# Comments and karma points?



## RandomPhantom700 (Jul 7, 2004)

Alright, so I click on "User CP" and see a bunch of anonymous messages commenting on different posts I make, and get karma points for them.  My question is, what do I do to send such comments about other people's posts?  They're different from private messages, since I have some comments but no PMs.  So what do I click to comment on a post and send karma points?  Forgive me if I sound too naive.


----------



## Flatlander (Jul 7, 2004)

It's called reputation here.  Go here to learn how it works:

http://www.martialtalk.com/forum/showthread.php?t=13010


----------



## Littledragon (Jul 7, 2004)

I always wanted to know what does KARMA mean?


----------



## jfarnsworth (Jul 7, 2004)

It appears as of late that people aren't taking too kindly to the discussion I'm bringing to the threads.  I've seen enough red and the gray blocks with their comments. I have collapsed the rep. point so I will no longer be looking at them. If someone has a problem with my post then please go into your user cp panel to put me on your ignore list.  I was a big poster on MT last year then decided to go into the shadows to watch and red/learn only as well as post only very little. I was having fun with Ceicei and also in some other threads posting again. I will now go back into the shadows because I don't have enough time in my day to care if people like/want to read my posts. I know I've only been in the martial arts for a 15 yrs. so I can bring a little bit of conversation to the table maybe not as much as others but  :idunno: .

So for those giving me the negative comments.  See 'ya later.


----------



## Bob Hubbard (Jul 7, 2004)

Jason,
  Grey boxes are neutral and don't effect things either way.  The sender basically doesn't have enought points to effect you.  It could be positive or negative.

I didn't see any comments that jumped out at me when I checked your listing though.

Bob


----------



## MA-Caver (Jul 8, 2004)

Littledragon said:
			
		

> I always wanted to know what does KARMA mean?


From Dictionary.com
Hinduism & Buddhism. The total effect of a person's actions and conduct during the successive phases of the person's existence, regarded as determining the person's destiny. 
Fate; destiny. 
Informal. A distinctive aura, atmosphere, or feeling: There's bad karma around the house today. 

My personal take on the word. Basically what you do to others is gonna come back around to you eventually. May not be the same way but it's gonna relate. 
i.e. I help out a lady who spilled her groceries all over the bus. Later I find a $10.00 bill just laying there on the sidewalk. Karma? It was to me. 
i.e. I helped a guy get a job with a company that I worked for. Several years later I'm in the same boat and badly need work. Voilia someone passes a good word about me and I'm working again.

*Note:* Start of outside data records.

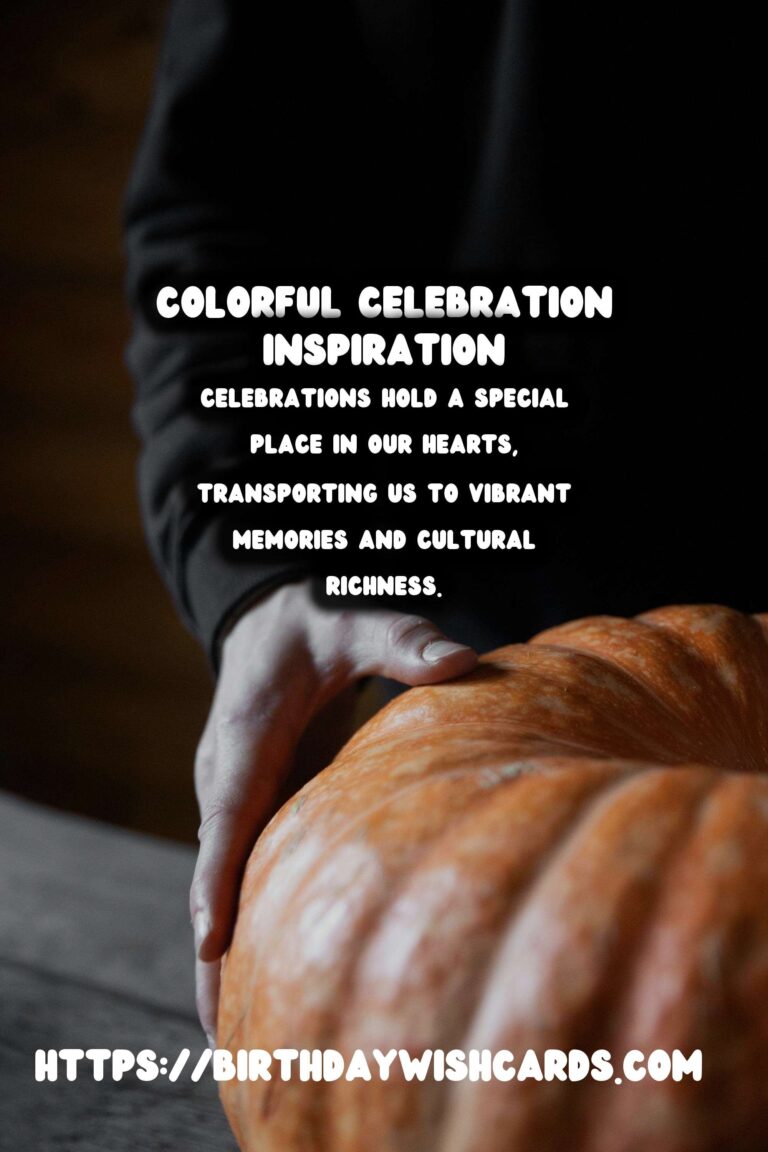 Colorful Ways to Prepare Tradition-Based Celebration Ideas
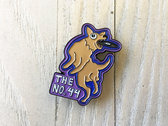The No. 44 Enamel Dog Pin photo 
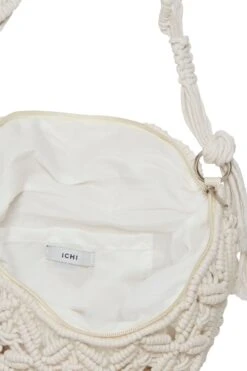 ICHI VESKE - OFF WHITE -Undertoy Salgsbutikk 5771938 veske off white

Was that Karma... it can be if I want to look at it that way. 

When you step back and look at your life and see all the good and bad things that you've done and then compare them to the good/bad things that's happened to you then you might want to call it Karma. If you've done mostly good then somehow good things are happening to you. It can work vice-versa. 
Bad Karma... well look at it this way. You got a crack dealer on the streets living well in his run-down neighborhood from all the death that he's selling. Several years later a rival or (his) dealer comes in and blows him away. 

p.s. to the Mod this needs to be bumped into it's own thread imo...


----------